Circulating cytokines and lymphocyte subsets in patients who have recovered from COVID-19
clinical immunology/immunity inflammation
Authors: Hasichaolu et al.,
Tags: Immunology/Immunity, Inflammation, Clinical
Compared to healthy controls, two-week post-recovery patients had lower absolute numbers of total lymphocytes including CD4+ T cells, CD8+ T cells, and CD56+ NK cells.
Higher levels of cytokines including IL-2, IL-4, IL-6, IL-10, TNF-α, IFN-γ and IL-17 detected in recovered patients compared to healthy controls.
Accumulating data demonstrate immune cell dysregulation in COVID-19 patients. This study characterized immune subsets and cytokines levels in 33 two-week post-recovery COVID-19 patients and 28 healthy volunteers. Consistent with previous findings, low cell counts of circulating T cells and NK cells was observed in the recovered patients compared with healthy controls. The concentrations of serum cytokines including IL-2, IL -4, IL -6, and IL-17 were higher than controls, suggesting ongoing inflammation 2-weeks post-recovery. However, the decline in the blood lymphocyte subsets and the increased level of cytokines were reported to be an independent predictor of rehabilitation efficacy. The study suggests that medical observation may be needed following COVID-19 recovery. However, longitudinal analysis of a larger cohort is required to fully investigate immune status during symptomatic and recovery stages.

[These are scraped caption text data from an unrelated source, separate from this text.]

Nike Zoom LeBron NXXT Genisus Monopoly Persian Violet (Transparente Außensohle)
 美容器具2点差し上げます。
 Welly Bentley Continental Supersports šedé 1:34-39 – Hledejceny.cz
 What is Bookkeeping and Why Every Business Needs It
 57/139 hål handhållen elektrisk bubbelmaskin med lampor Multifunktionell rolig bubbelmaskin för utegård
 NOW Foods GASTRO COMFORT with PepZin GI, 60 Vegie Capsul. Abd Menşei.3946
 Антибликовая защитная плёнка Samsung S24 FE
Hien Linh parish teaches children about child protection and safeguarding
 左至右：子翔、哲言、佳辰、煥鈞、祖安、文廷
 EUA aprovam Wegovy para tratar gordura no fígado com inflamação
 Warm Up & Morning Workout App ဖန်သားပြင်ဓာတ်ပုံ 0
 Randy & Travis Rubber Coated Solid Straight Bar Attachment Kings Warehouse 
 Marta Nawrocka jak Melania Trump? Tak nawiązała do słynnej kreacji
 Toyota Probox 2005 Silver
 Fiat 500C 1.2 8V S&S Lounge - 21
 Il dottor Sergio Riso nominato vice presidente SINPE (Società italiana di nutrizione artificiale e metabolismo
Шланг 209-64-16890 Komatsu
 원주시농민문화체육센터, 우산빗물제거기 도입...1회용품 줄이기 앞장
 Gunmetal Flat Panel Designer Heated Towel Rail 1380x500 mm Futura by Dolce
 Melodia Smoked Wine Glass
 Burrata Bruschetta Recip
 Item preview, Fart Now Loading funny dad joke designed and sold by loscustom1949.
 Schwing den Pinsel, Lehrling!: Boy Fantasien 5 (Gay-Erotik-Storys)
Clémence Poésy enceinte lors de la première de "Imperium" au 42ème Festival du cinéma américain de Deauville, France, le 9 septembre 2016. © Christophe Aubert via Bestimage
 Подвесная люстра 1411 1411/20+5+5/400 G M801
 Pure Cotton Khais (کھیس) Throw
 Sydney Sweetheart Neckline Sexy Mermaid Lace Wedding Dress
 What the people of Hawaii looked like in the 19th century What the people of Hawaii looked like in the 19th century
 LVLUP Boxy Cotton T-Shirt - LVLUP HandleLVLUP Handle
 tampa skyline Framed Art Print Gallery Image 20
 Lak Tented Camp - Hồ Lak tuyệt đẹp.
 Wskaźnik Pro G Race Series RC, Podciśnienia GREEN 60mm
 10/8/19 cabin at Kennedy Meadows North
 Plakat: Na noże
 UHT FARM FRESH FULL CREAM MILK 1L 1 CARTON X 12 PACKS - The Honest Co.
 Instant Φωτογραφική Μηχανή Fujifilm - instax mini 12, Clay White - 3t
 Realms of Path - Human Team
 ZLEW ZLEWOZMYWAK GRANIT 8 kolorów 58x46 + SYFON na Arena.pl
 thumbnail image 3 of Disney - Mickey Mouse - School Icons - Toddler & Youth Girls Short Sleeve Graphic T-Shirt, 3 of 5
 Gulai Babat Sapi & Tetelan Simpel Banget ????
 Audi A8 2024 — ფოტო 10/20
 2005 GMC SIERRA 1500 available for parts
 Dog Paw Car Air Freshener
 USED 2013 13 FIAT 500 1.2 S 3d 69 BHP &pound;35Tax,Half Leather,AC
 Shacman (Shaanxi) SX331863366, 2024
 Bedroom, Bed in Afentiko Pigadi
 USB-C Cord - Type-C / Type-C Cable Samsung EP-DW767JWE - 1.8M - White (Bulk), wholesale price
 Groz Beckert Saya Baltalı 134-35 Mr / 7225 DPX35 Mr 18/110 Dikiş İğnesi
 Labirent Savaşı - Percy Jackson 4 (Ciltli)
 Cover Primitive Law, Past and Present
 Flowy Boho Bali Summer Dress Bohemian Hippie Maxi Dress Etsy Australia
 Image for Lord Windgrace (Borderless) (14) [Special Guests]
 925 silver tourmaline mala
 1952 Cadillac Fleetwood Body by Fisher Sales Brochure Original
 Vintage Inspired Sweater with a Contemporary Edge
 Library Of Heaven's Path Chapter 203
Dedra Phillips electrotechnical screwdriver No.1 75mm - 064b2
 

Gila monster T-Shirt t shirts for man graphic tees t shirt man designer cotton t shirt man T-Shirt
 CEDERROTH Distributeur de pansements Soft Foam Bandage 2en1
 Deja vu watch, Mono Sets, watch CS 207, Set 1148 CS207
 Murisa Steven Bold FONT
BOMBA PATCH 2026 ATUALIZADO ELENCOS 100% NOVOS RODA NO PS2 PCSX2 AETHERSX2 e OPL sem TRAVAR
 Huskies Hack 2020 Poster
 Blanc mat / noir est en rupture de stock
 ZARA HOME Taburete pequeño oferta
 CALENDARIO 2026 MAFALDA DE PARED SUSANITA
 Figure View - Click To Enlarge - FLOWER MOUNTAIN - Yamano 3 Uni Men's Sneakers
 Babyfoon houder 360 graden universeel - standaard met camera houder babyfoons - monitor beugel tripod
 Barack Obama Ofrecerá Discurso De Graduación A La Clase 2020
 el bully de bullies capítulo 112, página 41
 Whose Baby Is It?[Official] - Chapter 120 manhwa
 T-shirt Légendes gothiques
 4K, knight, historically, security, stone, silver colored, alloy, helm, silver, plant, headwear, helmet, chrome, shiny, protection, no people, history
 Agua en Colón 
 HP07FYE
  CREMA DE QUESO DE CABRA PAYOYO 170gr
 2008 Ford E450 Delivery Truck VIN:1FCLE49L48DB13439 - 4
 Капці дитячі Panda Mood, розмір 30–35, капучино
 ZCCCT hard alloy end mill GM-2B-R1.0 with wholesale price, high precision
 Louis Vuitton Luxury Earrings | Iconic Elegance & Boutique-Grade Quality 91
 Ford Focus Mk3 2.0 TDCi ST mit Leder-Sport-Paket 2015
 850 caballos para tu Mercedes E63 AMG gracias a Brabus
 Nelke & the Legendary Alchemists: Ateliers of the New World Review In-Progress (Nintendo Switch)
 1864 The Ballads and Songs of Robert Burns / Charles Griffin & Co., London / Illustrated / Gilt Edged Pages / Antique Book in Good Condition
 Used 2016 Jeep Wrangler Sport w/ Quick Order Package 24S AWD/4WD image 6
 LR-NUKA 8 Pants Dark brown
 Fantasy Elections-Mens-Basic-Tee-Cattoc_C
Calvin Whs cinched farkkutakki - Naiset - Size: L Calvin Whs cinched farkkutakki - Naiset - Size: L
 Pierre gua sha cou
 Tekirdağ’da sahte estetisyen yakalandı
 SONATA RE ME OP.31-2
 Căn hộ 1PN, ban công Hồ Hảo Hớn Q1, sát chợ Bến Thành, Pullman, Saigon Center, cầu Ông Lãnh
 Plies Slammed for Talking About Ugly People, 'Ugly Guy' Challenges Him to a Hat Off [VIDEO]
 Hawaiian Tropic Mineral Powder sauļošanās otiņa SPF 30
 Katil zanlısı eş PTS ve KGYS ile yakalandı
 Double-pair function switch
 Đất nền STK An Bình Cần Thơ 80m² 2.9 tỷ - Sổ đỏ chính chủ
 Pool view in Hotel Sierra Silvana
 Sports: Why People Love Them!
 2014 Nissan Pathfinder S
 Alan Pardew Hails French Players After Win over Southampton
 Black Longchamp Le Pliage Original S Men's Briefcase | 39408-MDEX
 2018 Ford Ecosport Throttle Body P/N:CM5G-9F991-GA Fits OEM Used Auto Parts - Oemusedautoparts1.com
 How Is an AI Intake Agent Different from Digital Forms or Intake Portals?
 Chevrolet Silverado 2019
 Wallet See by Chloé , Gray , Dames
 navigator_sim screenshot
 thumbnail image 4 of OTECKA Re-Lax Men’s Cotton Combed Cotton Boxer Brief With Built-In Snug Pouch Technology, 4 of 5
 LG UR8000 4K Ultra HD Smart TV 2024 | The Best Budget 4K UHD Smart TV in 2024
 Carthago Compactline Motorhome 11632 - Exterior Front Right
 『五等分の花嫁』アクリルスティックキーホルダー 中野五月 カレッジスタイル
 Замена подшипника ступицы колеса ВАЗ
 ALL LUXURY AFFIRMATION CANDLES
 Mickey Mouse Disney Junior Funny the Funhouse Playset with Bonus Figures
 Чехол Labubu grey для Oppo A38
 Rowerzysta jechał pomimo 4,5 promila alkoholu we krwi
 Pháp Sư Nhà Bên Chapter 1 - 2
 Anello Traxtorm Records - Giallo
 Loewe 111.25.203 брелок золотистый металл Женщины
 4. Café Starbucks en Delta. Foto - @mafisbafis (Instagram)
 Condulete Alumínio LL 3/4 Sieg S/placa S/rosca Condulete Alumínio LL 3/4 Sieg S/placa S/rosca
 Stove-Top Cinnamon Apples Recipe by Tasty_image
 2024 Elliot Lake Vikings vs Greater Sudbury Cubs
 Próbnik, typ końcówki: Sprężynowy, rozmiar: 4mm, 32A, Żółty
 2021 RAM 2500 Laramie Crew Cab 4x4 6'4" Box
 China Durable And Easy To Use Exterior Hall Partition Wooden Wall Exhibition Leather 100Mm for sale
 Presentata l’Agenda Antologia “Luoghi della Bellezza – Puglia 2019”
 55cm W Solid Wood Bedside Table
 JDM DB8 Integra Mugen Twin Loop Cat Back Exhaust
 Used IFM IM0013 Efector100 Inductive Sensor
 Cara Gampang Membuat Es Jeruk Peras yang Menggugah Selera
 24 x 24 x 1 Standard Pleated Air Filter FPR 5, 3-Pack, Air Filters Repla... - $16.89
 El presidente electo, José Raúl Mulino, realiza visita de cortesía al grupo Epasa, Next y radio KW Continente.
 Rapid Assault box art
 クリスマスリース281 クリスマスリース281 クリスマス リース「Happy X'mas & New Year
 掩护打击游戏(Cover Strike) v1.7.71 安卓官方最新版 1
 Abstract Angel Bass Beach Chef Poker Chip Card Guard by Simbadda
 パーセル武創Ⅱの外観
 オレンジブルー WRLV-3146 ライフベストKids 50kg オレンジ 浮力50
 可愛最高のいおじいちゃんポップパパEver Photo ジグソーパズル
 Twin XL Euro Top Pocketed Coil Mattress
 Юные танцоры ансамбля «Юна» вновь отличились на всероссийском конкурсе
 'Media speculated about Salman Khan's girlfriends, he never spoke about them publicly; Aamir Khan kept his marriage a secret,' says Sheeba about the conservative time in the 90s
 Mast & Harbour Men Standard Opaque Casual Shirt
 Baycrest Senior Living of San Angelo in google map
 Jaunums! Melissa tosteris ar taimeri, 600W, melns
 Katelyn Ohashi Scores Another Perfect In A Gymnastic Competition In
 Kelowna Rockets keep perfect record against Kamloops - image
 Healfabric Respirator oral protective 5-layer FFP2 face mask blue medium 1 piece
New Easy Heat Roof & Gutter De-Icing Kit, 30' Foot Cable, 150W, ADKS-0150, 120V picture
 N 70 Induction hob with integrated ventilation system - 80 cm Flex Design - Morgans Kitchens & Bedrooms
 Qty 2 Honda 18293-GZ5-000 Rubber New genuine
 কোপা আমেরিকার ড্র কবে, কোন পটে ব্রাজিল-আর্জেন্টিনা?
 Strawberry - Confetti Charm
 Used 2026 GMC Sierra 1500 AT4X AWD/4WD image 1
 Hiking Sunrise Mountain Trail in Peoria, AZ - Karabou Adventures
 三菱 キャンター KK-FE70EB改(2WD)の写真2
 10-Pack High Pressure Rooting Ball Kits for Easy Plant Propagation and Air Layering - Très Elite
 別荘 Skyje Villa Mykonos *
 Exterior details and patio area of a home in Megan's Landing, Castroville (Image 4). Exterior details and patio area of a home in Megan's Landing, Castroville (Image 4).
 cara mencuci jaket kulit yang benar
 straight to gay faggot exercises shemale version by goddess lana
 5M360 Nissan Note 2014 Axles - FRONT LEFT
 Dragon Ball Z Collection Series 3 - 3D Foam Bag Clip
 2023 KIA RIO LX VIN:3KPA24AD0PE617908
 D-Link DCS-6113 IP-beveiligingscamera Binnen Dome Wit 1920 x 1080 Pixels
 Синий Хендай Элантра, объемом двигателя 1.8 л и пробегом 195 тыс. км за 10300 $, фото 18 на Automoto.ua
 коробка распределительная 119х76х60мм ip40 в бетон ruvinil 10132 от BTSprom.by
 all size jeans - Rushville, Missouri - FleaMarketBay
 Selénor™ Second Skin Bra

Impact for SARS-CoV2/COVID19 research efforts
Understand the immune response to SARS-CoV2/COVID19
Clinical symptoms and pathogenesis of SARS-Cov2/COVID19
Clinical Cohort study
Strengths and limitations of the paper
Novelty: The study supports the medical mentoring of hospitalized patients after hospital discharge.
Standing in the field: The decline in lymphocytes has been reported in other studies ((Divij Mathew et al. science 2020). This study therefore supports previous findings.
Appropriate statistics: Yes
Viral model used:SARS-CoV-2
Translatability: limited translatability.
Some variability of CD4 T cell counts and some cytokine levels were observed in the data. This variability could be explained by differences in disease severity.
NK cells were defined on the basis of the CD56 marker. While other studies may have used the same method, this gating strategy could potentially exclude NK subsets expressing low CD56 which has been reported to be expanded in SARS-CoV2 patients (Rita Carsetti et al, 2020).
The sample size of the cohort is relatively small which could impact on statistical power.
Previous findings reported higher CD4:CD8 ratio in acute COVID-19 patients (Divij Mathew et al. science 2020) which was not detected in this study. This could be explained by the differences in the infection stage, but further explanation/discussion will be helpful.
Only one time point was studied therefore it is unclear whether the immunological parameters observed in the recovered patients were returning to normality or whether there was evidence of long-term dysregulation.